With more time on his hands — he retired from the force in 2019 — Hogan returned to golf. “It was my therapy, being alone on the golf course,” he said. “It took my mind off other stuff.” His form returned, and, as a reinstated amateur, he began playing in and trying to qualify for high-level amateur competitions.
Before breaking through this year in his Mid-Amateur qualifier, Hogan said he had tried to qualify for “four or five” U.S. Opens (once advancing to sectional qualifying), two U.S. Amateurs and three other U.S. Mid-Ams. At a 2018 Mid-Am qualifier in Ohio, another familiar name was in the field — Nicklaus, as in Gary Nicklaus, Jack’s son. Tournament organizers whimsically grouped Hogan and Nicklaus together. (For what it’s worth, Hogan said he has never had any contact with anyone connected to the Ben Hogan’s family.)
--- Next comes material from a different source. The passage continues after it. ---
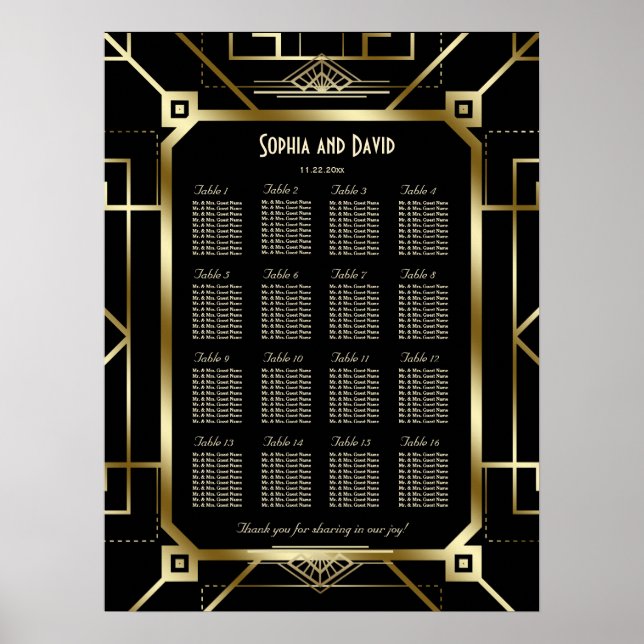 Luxury Black and Gold Great Gatsby Seating Chart (Front)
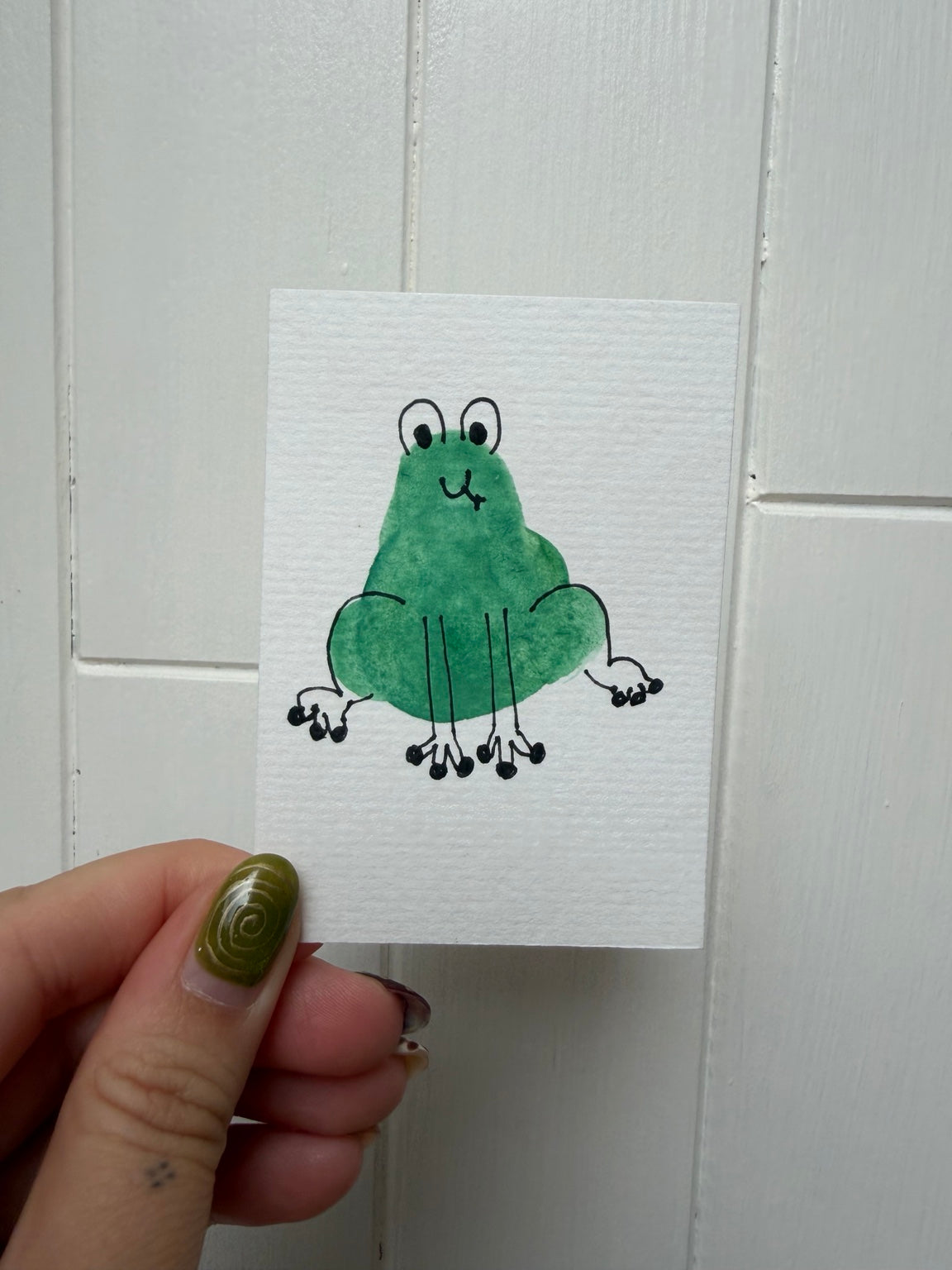 Little Frog No. 2 original 2.5 x 3.5 inch watercolor and ink artwork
At this year’s Mid-Am qualifier in Ohio, Hogan was cruising. Then he double-bogeyed the 16th hole and bogeyed the 17th. Suddenly he needed a nine-footer for par at the last to get into a 5-for-1 playoff. He holed it, then holed a much longer shot — from 150 yards — on the first playoff hole to secure the last qualifying spot. “More dramatic than I wanted,” he said of the finish.
But he was in. At 8:17 a.m. Saturday, Hogan will tee off at Sleepy Hollow in his first-ever USGA championship; if he makes the 36-hole stroke-play cut, match play begins Monday. The challenging host courses will ask him questions, and surely so too will the media — about his name.
“I’m kind of ready for them,” Hogan said. “I’m not annoyed by it. I’m 42 now. It’s nothing new. And if I can get my story out there and help people with mental health — if I can help somebody, then that’s good enough for me.”
Here, Hogan began to choke up.
“It’s not the end of the world,” he said of confronting mental-health challenges. “It’s always going to be there, I know that. But it is something that’s completely manageable. You can still have a good life. Whatever you have in your life that brings you that peace or that calm — when you haven’t felt joy in a while, whatever you have that can do that, find it and take advantage of it. For me, that is golf.”
Hogan’s reclusive namesake was not one to discuss his mental health in public, nor just about anything else for that matter. For most of the OG Hogan’s career, even the mechanics of his fabled swing remained a mystery, spawning much speculation about his “secret.” Later in his life, Hogan dropped clues about what made his swing tick — his keys ranged from cupping his left wrist in his backswing to merely “digging it out of the dirt” — without ever fully disclosing his so-called secret in definitive terms.
But how about Ohio’s Ben Hogan? Might he be willing to part with the secret to his own golfing success?
“Whatever secret I have, it usually changes week to week,” he said, laughing. “My secret would be whatever’s working for you at the time, don’t fight it, embrace it. That’s my secret: Just play the best golf that you can on that day.”